Deals innerhalb Österreichs sanken im Vergleichszeitraum um acht Transaktionen (minus 25,8 %) von 31 auf 23. Ausländische Investoren sind in Österreich weiterhin aktiv, wenngleich ihr Interesse an österreichischen Unternehmen („Inbound“) zurückgegangen ist und nur mehr 50 Deals unterzeichnet worden sind (1. Halbjahr 2023: 56). Das entspricht einem Rückgang von 10,7 Prozent im Vergleich zum Vorjahr. Dagegen kündigten österreichische Investorengruppen im ersten Halbjahr 51 M&A-Transaktionen an, um international weiterzuwachsen. Das sind um rund 13 Prozent mehr als im Halbjahr zuvor. Von den insgesamt 124 Transaktionen im ersten Halbjahr 2024 fielen 51 in diese Kategorie (41,4 %), 50 in die Kategorie „Inbound“ (40,3 %) und 23 in die Kategorie „Domestic“ (18,5 %). Am meisten Geld floss bei Outbound Deals, im Zuge derer rund 1,6 Mrd. Euro investiert wurden – um 1,1 Mrd. Euro bzw. 220 Prozent mehr als im Vorjahr.

Finanzsektor im M&A-Fokus
Der höchste Transaktionswert (0,9 Mrd. Euro) entfiel im ersten Halbjahr 2024 diesmal auf den Finanzsektor, genauer den Bankensektor. Mit einem Volumen von 0,8 Mrd. Euro folgt dahinter der sonstige Spitzenreiter, der Industriesektor, dahinter der „Life Sciences“- sowie der Immobilienbereich. Bei der Anzahl liegt der Industriesektor mit 47 Deals vorne (37,9 % aller Transaktionen), gefolgt vom Technologie-, Medien- und Telekomsektor (33 Transaktionen bzw. 26,6 % aller Deals) und dem „Life Sciences“-Bereich (13 Deals bzw. 10,5 % der gesamten Anzahl). Einiges an Aktivität gab es auch im Konsumgüter- und Handels-Bereich (12 Deals bzw. 9,7 % der Gesamtanzahl).

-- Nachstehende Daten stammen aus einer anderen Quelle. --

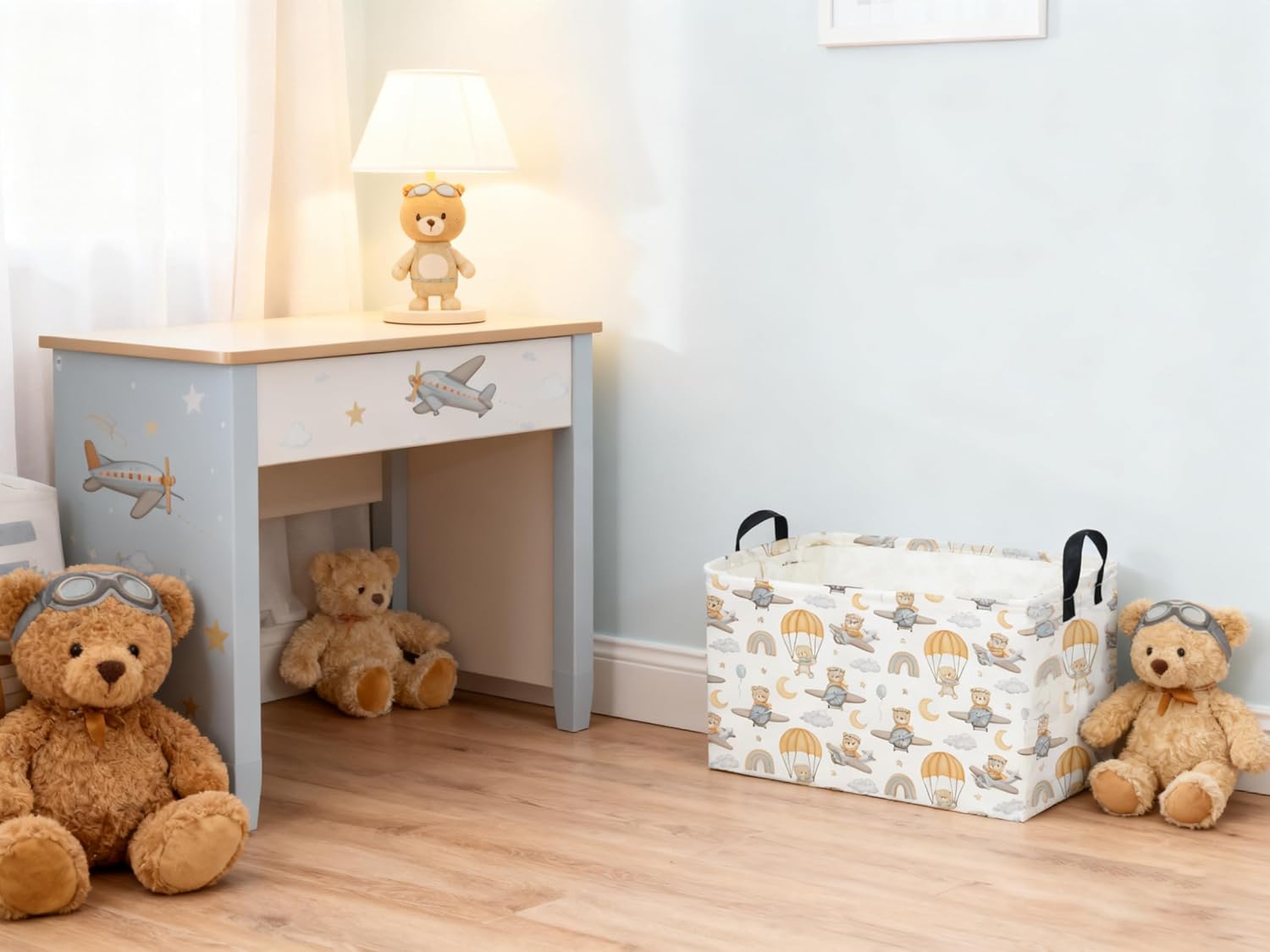Sanjiaofeng Rectangular Kids Basket Bear Storage Bins,Cute Storage Basket with Handles.Clothers,Books,Kid's Gifts Bins. (Airplane Bear)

Deutschland unverändert Herkunftsland Nr. 1 bei Direktinvestitionen
18 Prozent aller Käufe von österreichischen Unternehmen durch ausländische Investoren gingen im ersten Halbjahr 2024 auf das Konto von deutschen Gruppen – ein Anteil, der jedoch weiter sinkt. Weitere 54 Prozent der Übernahmen wurden von Investoren aus anderen europäischen Ländern getätigt, wie Frankreich, Belgien oder Schweden. Insgesamt hatten damit 72 Prozent aller ausländischen Kapitalgeber in Österreich ihren Sitz in Europa. 16 Prozent entfielen auf Nordamerika. Beim Volumen entfielen 43,5 Prozent des gesamten Inbound-Volumens auf Slowenien, 26,0 Prozent auf Brasilien, und 16,9 Prozent auf Luxemburg.